2. Sometimes making yourself do things that you’d rather die than do, helps.
Take running, for example. I try to exercise every day, because at some point when you’re out of breath, still maintaining your speed, your strength, and feeling the most agile, and oddly graceful you’ve ever felt in your life, in your baggy t-shirt, with the sweat decorating your brow, you get a glimpse of relief. It doesn’t last, but it’s there, and it doesn’t matter whether or not it’s a lasting thing, because nothing’s a lasting thing, and that’s not the point.
3. Do something you love.
It’s difficult to continue with the things you love when you feel like you’re breaking, but if you really love it, you can do it. Regardless of everything else around you, force yourself to forget through art, through a hobby, through anything that once made your nerves sing, and your hair stand on end. Try to remember those feelings, because at the end of the day, feelings are all we have. And we must seek our own loves out.

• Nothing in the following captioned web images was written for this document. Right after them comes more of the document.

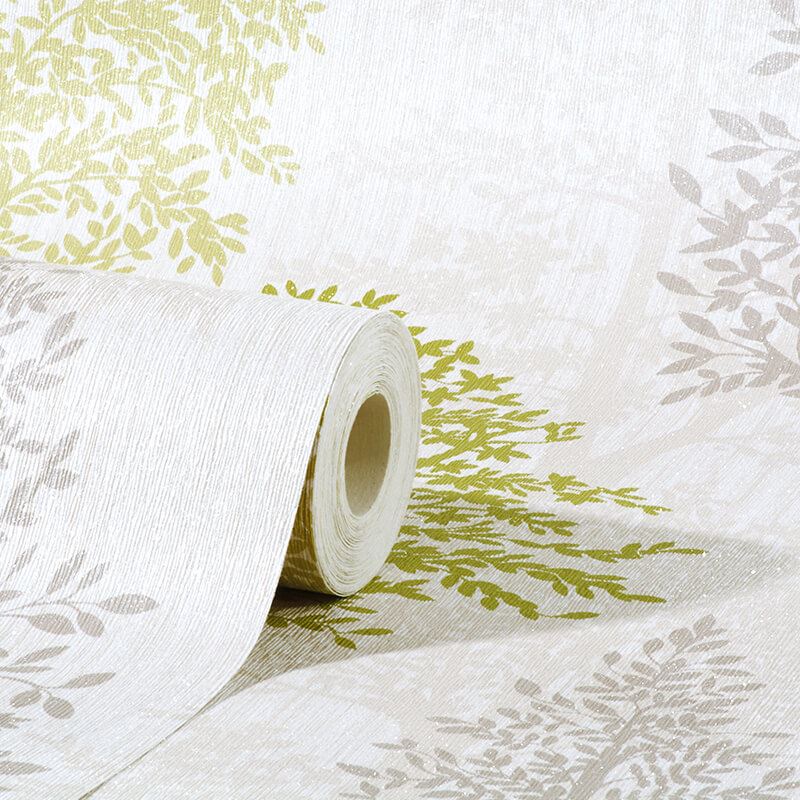 Tree Woodland Forest Green Grey Glitter Vinyl Textured Wallpaper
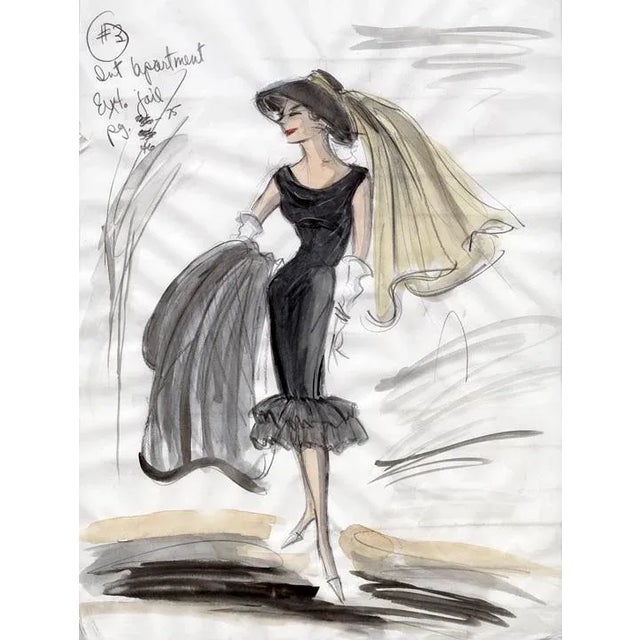 CHAIRISH EXCLUSIVE: AVAILABLE AT CHAIRISH ONLY. Rare reproduction of original costume sketch by Edith Head for actress...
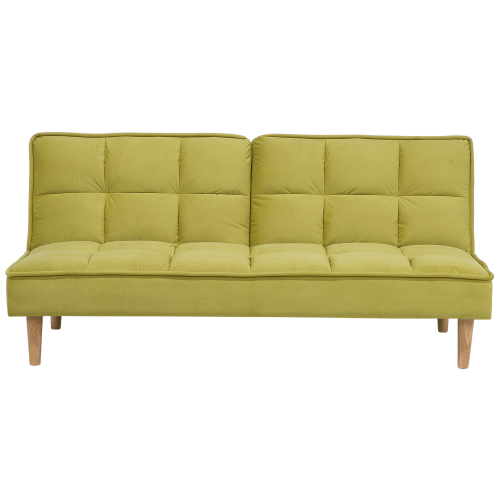 Beliani Sofa Bed 3 Seater SILJAN Fabric Olive Green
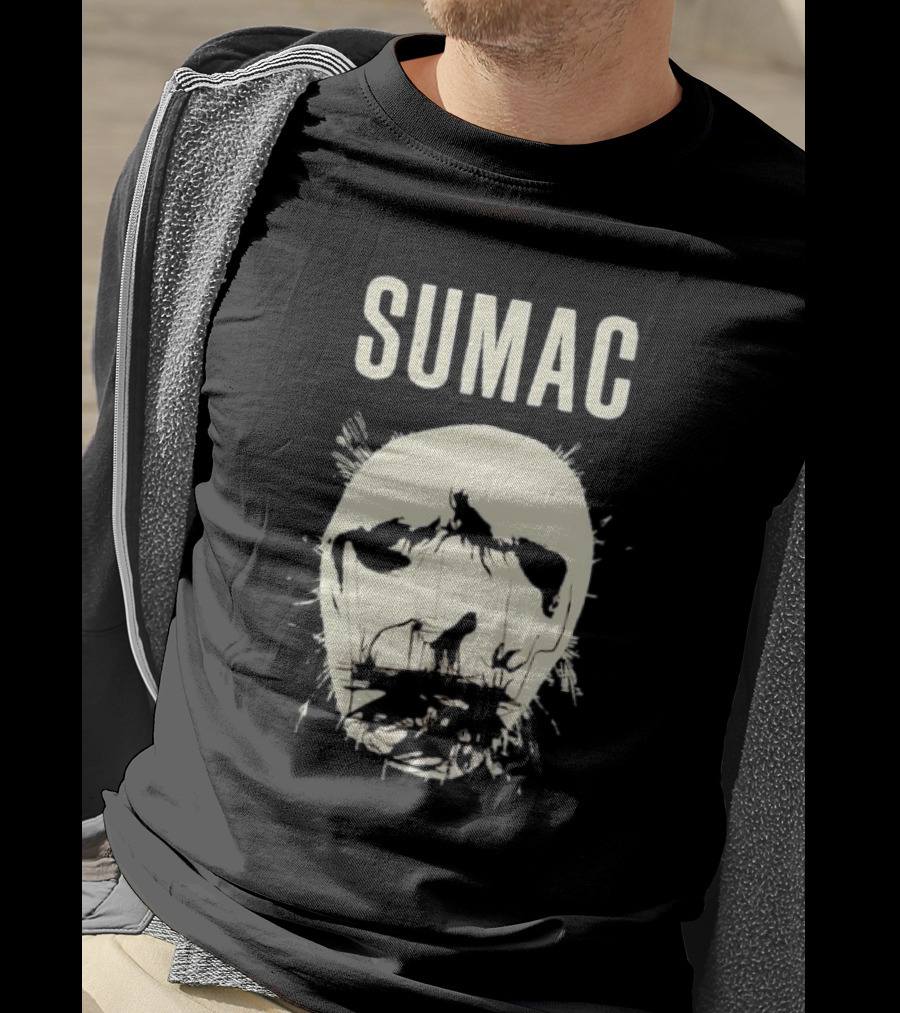 SUMAC Band Monochrome Abstract Face T-Shirt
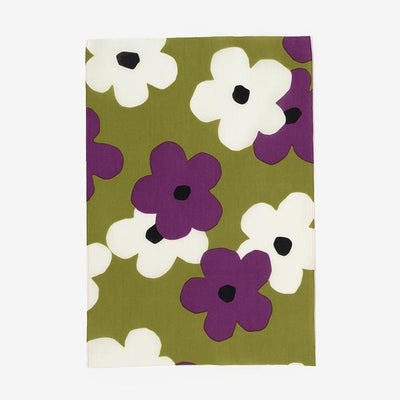 伊勢木棉圖案紋樣手巾（短版）/黃綠色疊花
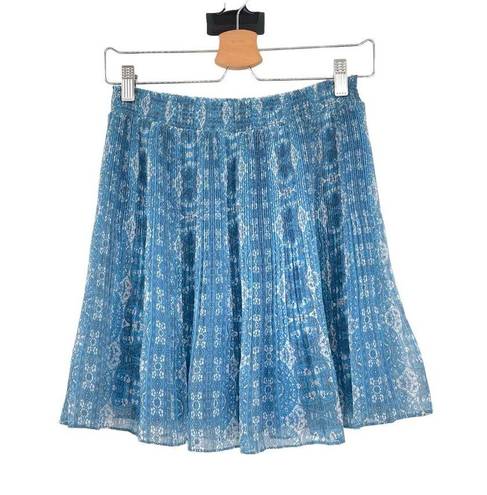 Intermix  Pleated Paisley Print Mini Skirt Blue Size XL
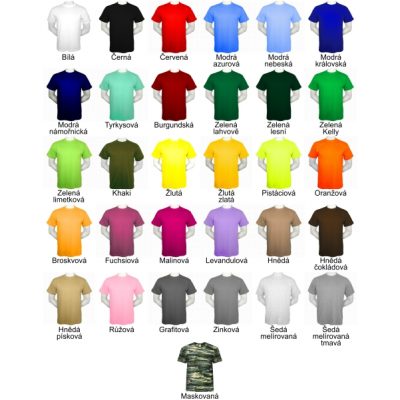 velký výběr barev triček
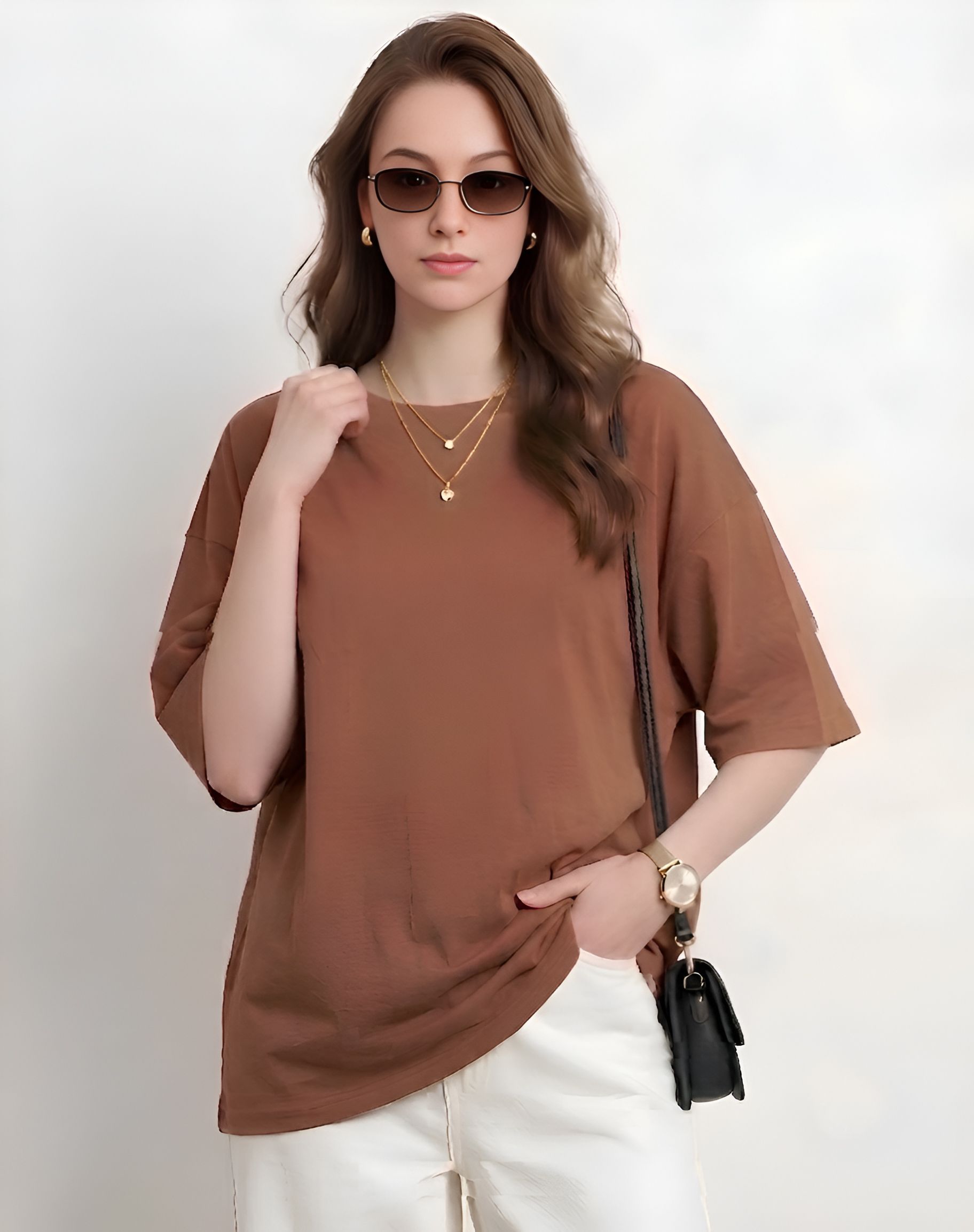 smartees Women Solid Round Neck Pure Cotton Brown T-Shirt-picture-0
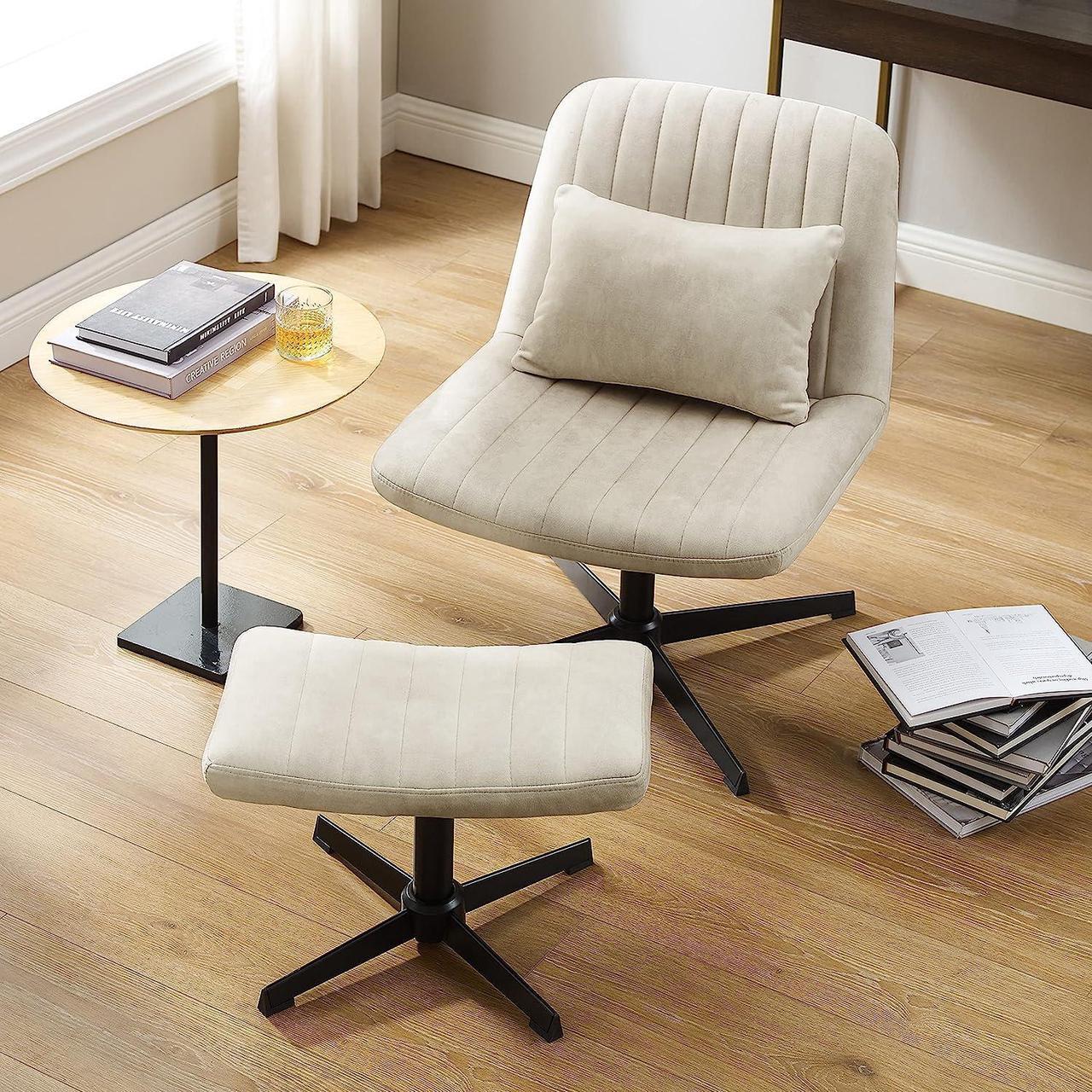Main image of Art Leon Desk Chair No Wheels, with Foot Rest Stool and Lumbar Pillow, Mid Century Modern Rocking Mid Back Ergonomic Office Chair, Swivel Accent Chair for Living Room Bedroom, Velvet Tufted, Off White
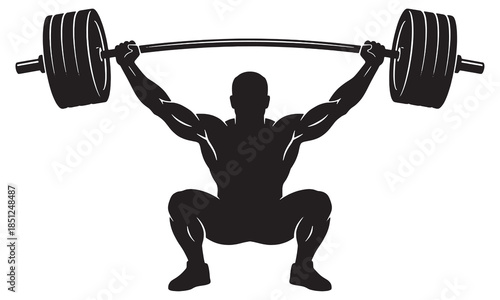 Weightlifter Silhouette Performing Heavy Barbell Back Squat Exercise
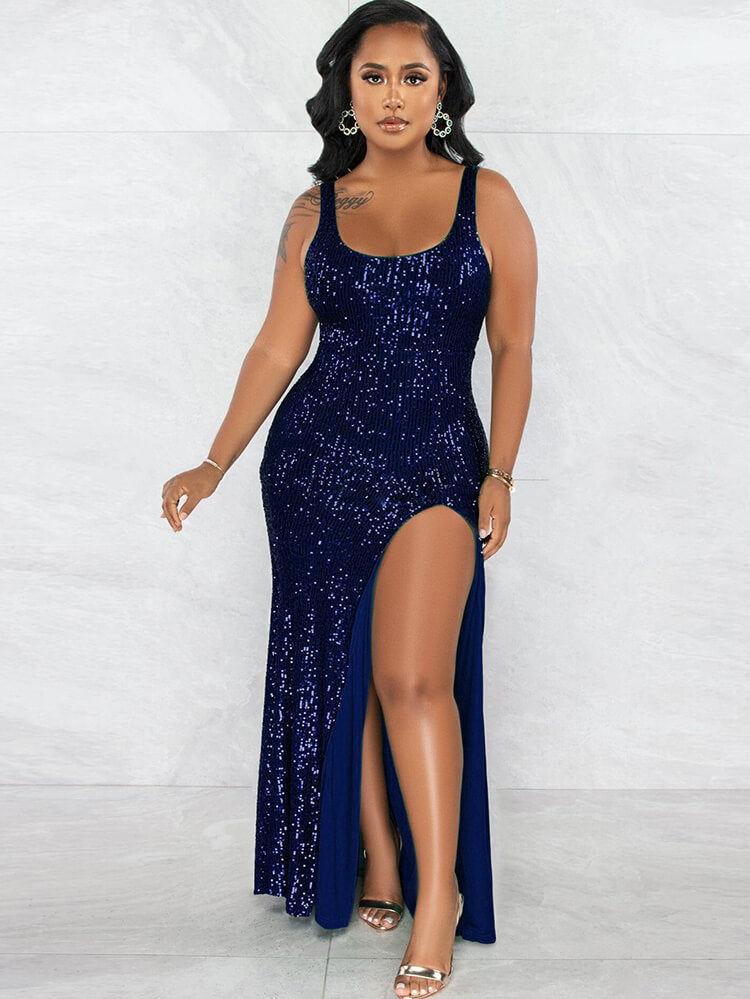 Sequin Patchwork Sleevelesss Split Bodycon Maxi Dresses
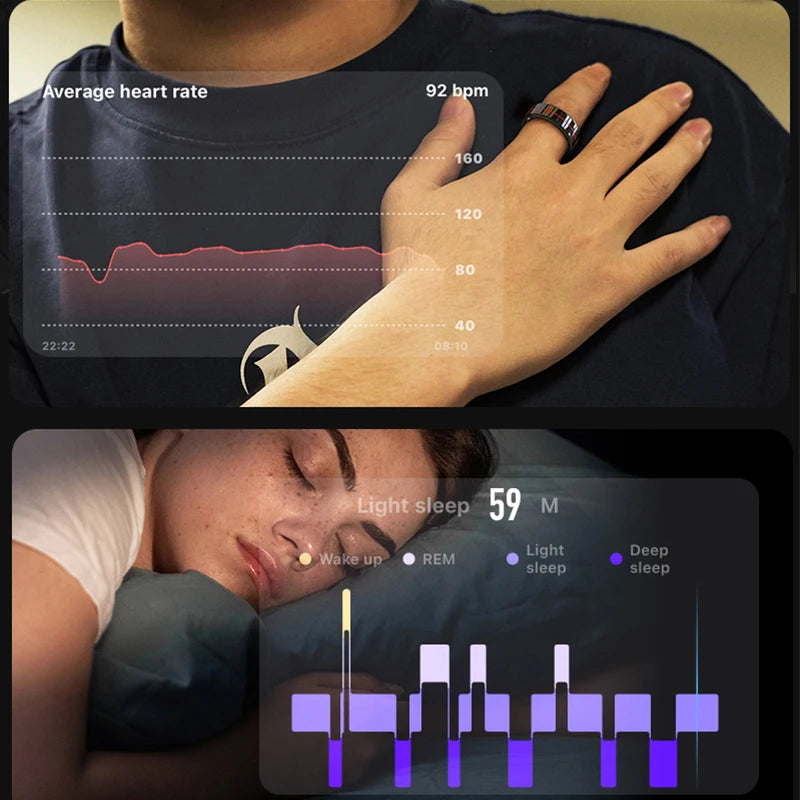 R04 Smart Ring Health ring finger fitness tracker Heart rate blood oxygen QRing App 5ATM waterproof Health Manager Sleep Monitor
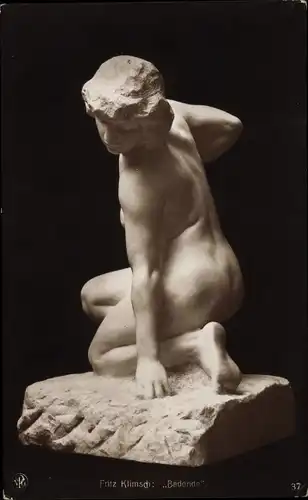 Ak Plastik, Fritz Klimsch, Badende, Frauenakt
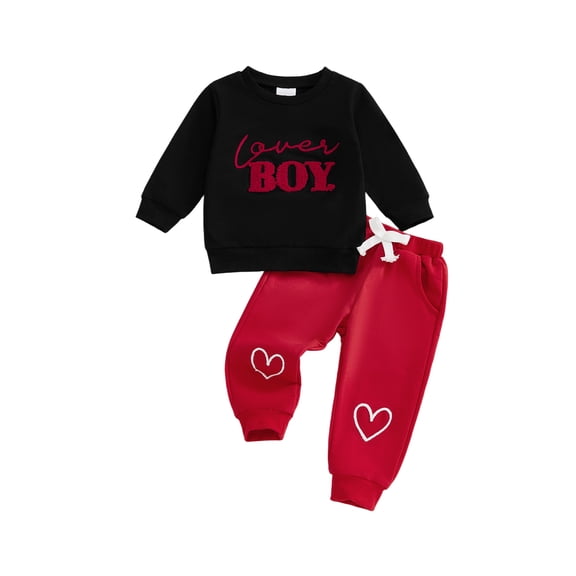 BemeyourBBs Toddler Baby Boy Valentines Day 2 Piece Outfits Newborn Love Boy Sweatshirt Tops and Pants Set Fall Winter Spring Clothes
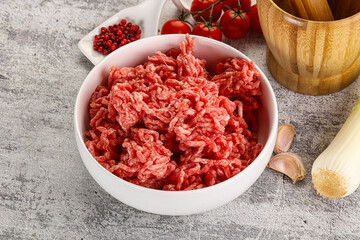 Minced beef meat in the bowl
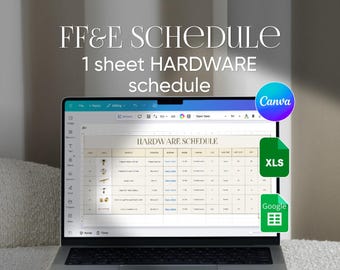 1 sheet FF&E Tile Schedule Excel Google sheets Canva Template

4. Feel the bad feelings, and the good ones.
I used to shirk the terrible ones, hide them away in a corner of myself that I made almost completely inaccessible. But it is accessible, and will eventually rear it’s ugly head, regardless of how much self control you have, how much you drink, how many friends you have, how much you distract yourself with other things. But these feelings should only be felt some of the time. Let yourself feel them, and then put them away for a little while. Take turns with them, because there’s only so much badness you can feel at once.
5. Don’t sulk and don’t become bitter.
It’s useless, and will only hurt you. The days will go by. Afternoons are the worst for me — they stretch themselves out and sometimes I find myself staring into space with dry eyes. But it passes; it always does. Find a thought that is beautiful, and tell yourself that you’ll feel better some day. Memory can be a blessing and a curse — it does not do to dwell for too long on something you have no control over. Healing isn’t about Band-Aids, because however tempting, they’re always, always temporary. Let yourself be held, if you have a holder. And if you don’t, that’s okay too, because you love yourself; you must always remember to love yourself.